● PROMPT
Copy nothing but the text: reproduce each line of the listing exactly and leave the pictures out.

● DATASET CONTENT
%%
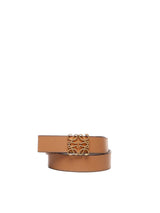 Loewe Reversible Anagram Leather Belt - Women - Piano Luigi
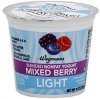 Wegmans yogurt blended, nonfat, light, mixed berry Calories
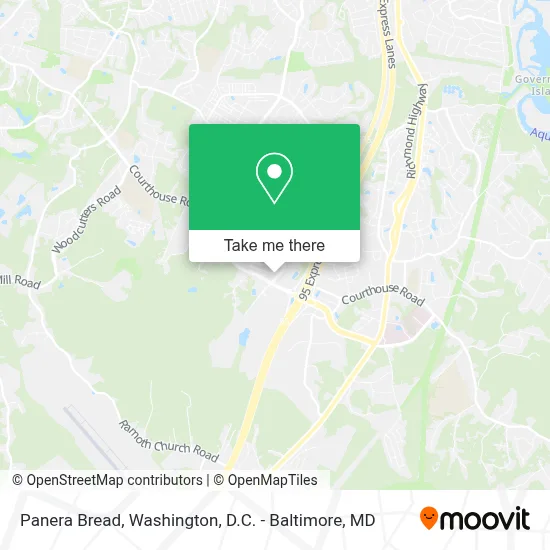 Panera Bread map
%%
● EXERCISE OUTPUT
 Loewe Reversible Anagram Leather Belt - Women - Piano Luigi
 Wegmans yogurt blended, nonfat, light, mixed berry Calories
 Panera Bread map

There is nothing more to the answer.